Hi,
Leon
The exception comes from Hadoop side, looks like you missed some Hadoop dependencies.
Hadoop is needed for Parquet, compared to add Hadoop-related dependencies directly, it’s recommended to set HADOOP_CLASSPATH or use flink shaded hadoop uber jar[1].
Best,
Leonard Xu
Hi,
I am trying Table API in Flink 1.11:
tEnv.executeSql("CREATE TABLE people (\n" +
" id INT,\n" +
" name STRING\n" +
") WITH (\n" +
" 'connector' = 'filesystem',\n" +
" 'path' = 'file:///data/test.parquet',\n" +
" 'format' = 'parquet',\n" +
" 'properties.bootstrap.servers' = 'kafka:9092'\n" +
")");
It failed:
jobmanager_1 | java.io.IOException: No FileSystem for scheme: file
jobmanager_1 | at org.apache.hadoop.fs.FileSystem.getFileSystemClass(FileSystem.java:2799) ~[?:?]

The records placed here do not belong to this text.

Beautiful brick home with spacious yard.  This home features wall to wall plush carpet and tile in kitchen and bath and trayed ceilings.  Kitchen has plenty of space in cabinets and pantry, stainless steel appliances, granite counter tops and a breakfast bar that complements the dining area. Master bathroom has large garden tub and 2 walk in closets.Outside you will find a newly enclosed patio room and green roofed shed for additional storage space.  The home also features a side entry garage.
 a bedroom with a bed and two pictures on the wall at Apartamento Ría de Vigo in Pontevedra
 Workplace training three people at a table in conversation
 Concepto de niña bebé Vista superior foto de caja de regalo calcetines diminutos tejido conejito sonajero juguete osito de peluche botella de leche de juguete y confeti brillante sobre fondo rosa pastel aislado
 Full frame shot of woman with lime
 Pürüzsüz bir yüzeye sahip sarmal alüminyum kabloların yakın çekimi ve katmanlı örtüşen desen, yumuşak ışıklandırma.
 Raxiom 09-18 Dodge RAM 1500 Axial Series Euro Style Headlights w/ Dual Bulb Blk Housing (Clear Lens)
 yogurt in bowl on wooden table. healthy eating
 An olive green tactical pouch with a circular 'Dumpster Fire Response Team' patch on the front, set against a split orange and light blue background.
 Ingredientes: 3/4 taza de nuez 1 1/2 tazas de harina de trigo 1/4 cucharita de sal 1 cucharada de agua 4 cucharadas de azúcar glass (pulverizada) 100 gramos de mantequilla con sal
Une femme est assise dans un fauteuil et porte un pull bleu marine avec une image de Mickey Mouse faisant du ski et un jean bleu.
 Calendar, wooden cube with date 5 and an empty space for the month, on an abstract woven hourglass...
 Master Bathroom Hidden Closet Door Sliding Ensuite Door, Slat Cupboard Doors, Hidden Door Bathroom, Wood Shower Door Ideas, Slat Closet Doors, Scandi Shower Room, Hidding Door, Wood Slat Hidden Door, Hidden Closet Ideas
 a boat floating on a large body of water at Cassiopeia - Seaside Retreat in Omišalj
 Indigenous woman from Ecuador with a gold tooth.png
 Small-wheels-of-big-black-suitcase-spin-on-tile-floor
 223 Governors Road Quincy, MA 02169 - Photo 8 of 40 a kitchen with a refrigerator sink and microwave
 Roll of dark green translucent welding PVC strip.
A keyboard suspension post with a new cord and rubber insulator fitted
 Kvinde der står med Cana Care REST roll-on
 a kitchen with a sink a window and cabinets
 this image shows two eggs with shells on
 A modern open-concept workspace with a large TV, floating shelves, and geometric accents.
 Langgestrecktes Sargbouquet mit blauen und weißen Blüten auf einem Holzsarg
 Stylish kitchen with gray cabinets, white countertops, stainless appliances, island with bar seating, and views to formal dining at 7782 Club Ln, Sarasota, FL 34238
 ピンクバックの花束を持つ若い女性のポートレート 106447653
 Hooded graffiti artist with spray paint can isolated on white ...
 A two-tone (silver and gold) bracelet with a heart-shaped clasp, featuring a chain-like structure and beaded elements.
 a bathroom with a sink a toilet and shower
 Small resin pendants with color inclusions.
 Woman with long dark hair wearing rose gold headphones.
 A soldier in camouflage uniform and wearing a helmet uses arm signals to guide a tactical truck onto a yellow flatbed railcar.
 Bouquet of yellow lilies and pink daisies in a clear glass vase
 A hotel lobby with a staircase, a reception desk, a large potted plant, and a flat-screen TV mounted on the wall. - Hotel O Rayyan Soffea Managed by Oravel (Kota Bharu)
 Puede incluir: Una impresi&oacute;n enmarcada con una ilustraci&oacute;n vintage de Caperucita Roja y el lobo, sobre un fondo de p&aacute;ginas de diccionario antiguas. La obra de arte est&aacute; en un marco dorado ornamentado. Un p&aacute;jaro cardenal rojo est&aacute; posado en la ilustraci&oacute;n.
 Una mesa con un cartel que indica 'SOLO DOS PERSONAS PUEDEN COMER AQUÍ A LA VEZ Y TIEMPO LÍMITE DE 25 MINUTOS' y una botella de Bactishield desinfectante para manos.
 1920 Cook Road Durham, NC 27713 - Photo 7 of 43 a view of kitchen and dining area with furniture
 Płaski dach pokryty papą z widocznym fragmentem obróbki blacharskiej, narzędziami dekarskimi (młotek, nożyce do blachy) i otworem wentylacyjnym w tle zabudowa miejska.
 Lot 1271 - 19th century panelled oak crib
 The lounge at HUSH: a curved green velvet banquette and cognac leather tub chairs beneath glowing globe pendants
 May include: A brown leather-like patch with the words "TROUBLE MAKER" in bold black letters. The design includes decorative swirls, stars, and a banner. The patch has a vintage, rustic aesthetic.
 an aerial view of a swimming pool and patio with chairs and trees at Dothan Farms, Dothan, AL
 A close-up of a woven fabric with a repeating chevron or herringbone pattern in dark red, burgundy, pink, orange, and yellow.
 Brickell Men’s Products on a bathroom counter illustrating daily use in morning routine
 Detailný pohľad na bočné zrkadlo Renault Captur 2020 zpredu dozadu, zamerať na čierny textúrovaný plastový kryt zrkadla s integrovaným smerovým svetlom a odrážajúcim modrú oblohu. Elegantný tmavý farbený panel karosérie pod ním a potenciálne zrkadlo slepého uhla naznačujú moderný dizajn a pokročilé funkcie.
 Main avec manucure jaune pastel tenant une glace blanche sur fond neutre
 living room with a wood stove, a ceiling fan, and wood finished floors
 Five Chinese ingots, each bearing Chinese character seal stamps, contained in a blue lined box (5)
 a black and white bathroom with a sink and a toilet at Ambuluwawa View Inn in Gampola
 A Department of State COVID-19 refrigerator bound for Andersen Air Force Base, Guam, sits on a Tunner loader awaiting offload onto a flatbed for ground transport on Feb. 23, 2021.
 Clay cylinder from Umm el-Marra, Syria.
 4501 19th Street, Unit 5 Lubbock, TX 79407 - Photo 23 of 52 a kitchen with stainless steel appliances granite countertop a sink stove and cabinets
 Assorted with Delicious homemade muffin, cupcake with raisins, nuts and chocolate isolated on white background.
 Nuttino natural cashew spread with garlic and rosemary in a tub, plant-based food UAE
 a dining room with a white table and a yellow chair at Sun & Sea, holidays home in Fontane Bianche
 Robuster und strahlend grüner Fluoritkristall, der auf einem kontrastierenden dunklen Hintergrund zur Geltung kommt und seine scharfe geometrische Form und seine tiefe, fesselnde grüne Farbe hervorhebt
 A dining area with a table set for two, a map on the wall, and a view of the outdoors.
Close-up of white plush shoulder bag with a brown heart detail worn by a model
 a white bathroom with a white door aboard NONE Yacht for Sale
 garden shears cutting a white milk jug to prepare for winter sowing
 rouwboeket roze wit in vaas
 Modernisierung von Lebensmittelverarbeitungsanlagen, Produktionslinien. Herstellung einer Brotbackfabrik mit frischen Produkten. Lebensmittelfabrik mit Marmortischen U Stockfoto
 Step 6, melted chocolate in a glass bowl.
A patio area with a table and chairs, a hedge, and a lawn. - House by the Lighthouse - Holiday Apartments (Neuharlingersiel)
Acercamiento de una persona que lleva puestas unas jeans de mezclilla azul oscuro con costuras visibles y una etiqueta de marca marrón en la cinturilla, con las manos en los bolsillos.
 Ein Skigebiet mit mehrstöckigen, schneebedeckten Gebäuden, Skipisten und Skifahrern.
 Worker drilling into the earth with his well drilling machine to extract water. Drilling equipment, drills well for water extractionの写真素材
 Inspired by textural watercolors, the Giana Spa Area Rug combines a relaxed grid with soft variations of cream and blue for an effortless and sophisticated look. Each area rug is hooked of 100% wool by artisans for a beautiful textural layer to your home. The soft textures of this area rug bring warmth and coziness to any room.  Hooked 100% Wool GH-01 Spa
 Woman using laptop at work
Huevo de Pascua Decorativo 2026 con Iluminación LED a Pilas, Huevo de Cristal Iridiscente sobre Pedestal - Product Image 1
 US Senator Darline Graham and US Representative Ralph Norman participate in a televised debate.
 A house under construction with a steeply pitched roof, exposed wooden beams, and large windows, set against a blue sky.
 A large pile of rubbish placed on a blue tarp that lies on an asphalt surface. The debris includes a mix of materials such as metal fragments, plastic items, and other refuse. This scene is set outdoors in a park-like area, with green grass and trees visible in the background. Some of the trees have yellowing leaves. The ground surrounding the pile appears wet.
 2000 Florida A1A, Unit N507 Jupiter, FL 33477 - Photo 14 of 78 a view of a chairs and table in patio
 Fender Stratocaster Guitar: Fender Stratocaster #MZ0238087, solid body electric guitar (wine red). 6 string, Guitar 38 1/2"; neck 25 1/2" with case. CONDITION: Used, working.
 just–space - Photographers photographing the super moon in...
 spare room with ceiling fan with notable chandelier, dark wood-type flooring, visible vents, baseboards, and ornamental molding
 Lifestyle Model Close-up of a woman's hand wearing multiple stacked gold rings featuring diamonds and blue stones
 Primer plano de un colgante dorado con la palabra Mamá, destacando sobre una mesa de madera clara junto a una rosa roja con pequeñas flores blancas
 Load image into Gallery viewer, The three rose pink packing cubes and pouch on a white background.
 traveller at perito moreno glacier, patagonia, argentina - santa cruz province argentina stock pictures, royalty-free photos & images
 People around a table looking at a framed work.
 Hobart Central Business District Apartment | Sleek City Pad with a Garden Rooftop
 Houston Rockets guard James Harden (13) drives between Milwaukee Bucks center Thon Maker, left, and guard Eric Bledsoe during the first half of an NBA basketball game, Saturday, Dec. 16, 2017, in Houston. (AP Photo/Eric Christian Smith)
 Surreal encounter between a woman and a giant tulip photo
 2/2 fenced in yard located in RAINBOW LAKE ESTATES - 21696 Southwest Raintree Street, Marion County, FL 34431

jobmanager_1 | at org.apache.hadoop.fs.FileSystem.createFileSystem(FileSystem.java:2810) ~[?:?]
jobmanager_1 | at org.apache.hadoop.fs.FileSystem.access$200(FileSystem.java:100) ~[?:?]
jobmanager_1 | at org.apache.hadoop.fs.FileSystem$Cache.getInternal(FileSystem.java:2849) ~[?:?]
jobmanager_1 | at org.apache.hadoop.fs.FileSystem$Cache.get(FileSystem.java:2831) ~[?:?]
jobmanager_1 | at org.apache.hadoop.fs.FileSystem.get(FileSystem.java:389) ~[?:?]
jobmanager_1 | at org.apache.hadoop.fs.Path.getFileSystem(Path.java:356) ~[?:?]
jobmanager_1 | at org.apache.parquet.hadoop.util.HadoopInputFile.fromPath(HadoopInputFile.java:38) ~[?:?]
jobmanager_1 | at org.apache.parquet.hadoop.ParquetFileReader.readFooter(ParquetFileReader.java:448) ~[?:?]
jobmanager_1 | at org.apache.flink.formats.parquet.vector.ParquetColumnarRowSplitReader.<init>(ParquetColumnarRowSplitReader.java:125) ~[?:?]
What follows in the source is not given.